In an age when we argue about the number of Syrian refugees to admit to our country, we had best keep these numbers in mind. Children die in Aleppo at an alarming rate, a terrifying rate, from bombs and guns. And yet we’re too worried about our own children to save them.
The vetting process for refugees is stringent. According to the White House, it takes nine steps, including numerous opportunities to trigger rechecks, for a refugee to be allowed into the United States. And after entry, they’re required to obtain a green card, which triggers another set of checks. Only 1% of global refugees qualify for entry into the United States. The risk of a terrorist passing through that tiny sieve is surely less than the risk of a child drowning, or even dying by homicide.
We focus on the extraordinary risk, rather than the common one. No TV news runs spots on the alarming rate of child drowning. They don’t run bloody footage of the high number of children killed in car crashes. Instead, we pay attention to the extraordinary: the shark attacks, the mass shootings, the risk of terrorism. These are the domain of the media. The domain of government PSAs, on the other hand, lie in the mundane deaths, the admonitions to wear a seatbelt and vaccinate your child.
Risk perception, according to “The Political Science of Risk Perception,” “has frequently been invoked as evidence for a distinction between ‘actual’ risk as measured by experts and ‘perceived’ risk as experienced by laypersons.” Basically, regular people perceive risk differently, as “a distorted version of actual risk, shaped by the ignorance, prior beliefs, and subjective personal experiences of non-experts.” So with Fox News blaring about radicalized Muslims hiding among Syrian refugees, and Donald Trump Jr. comparing them to poisoned Skittles, people perceive them as more of an actual threat to their toddler than the neighborhood pool.
We’ve been primed to think of Arabs as terrorists, thanks to a media (and president-elect) that demonizes and vilifies them. And that priming makes us think, as Jason Miller, communications director of Trump’s transition team, said, “The national registry of foreign visitors from countries with high terrorism activity that was in place during the Bush and Obama administrations gave intelligence and law enforcement communities additional tools to keep our country safe, but the President-elect plans on releasing his own vetting policies after he is sworn in.”

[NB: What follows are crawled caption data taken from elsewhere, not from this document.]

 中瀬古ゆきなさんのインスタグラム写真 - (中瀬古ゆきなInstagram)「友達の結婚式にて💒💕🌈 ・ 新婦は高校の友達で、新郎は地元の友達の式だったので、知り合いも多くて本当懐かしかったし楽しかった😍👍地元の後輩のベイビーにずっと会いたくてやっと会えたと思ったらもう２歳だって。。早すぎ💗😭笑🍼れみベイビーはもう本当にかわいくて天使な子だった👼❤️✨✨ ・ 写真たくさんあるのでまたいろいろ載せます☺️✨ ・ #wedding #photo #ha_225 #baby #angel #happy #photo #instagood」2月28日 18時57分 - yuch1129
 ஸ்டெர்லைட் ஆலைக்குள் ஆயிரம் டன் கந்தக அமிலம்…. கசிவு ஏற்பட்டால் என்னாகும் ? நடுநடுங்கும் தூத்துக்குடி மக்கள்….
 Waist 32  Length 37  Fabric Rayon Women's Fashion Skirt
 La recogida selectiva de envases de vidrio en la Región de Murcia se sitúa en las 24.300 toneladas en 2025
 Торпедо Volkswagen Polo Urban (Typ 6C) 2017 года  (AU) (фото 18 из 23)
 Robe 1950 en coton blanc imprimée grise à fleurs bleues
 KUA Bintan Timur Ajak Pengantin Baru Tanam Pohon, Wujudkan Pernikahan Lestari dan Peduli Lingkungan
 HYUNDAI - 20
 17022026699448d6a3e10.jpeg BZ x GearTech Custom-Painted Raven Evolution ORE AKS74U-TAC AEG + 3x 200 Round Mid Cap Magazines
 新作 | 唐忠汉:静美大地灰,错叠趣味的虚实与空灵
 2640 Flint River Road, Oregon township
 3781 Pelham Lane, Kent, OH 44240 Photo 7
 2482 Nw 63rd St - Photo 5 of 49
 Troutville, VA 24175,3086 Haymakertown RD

This assumes all terror comes from countries where terrorism is rampant, when the 9/11 hijackers were from U.S.-allied Saudi Arabia. While we have had a few lone wolf operatives, including the Orlando shooter, we’ve had nothing on the scale of 9/11.
In August, the United States admitted its 10,000th Syrian refugee, a goal set last fall by President Obama amid pressure from world leaders over the global migration crisis. They settled in Atlanta and Kansas City, Missouri, and Louisville, in Denver and San Diego and Elizabeth, New Jersey. We’ve now accepted almost 12,000 refugees in the past five years since the civil war began. They’re added to the 150,000 Syrians that already live here.
The death of American children at the hands of these refugees remains at zero.
Worry about the pool. Worry about that unlocked gun. Worry about your ex-boyfriend. Worry that your kid’s car seat isn’t properly installed or that they aren’t wearing a seatbelt. Worry that you won’t carry your pregnancy to term (the second leading cause of death in infants) or childhood cancer (the third or fourth leading cause of death in children ages 1 to 14, depending on the age bracket). Don’t worry about Syrian refugees blowing you up.
Worry about them getting blown up before they get here.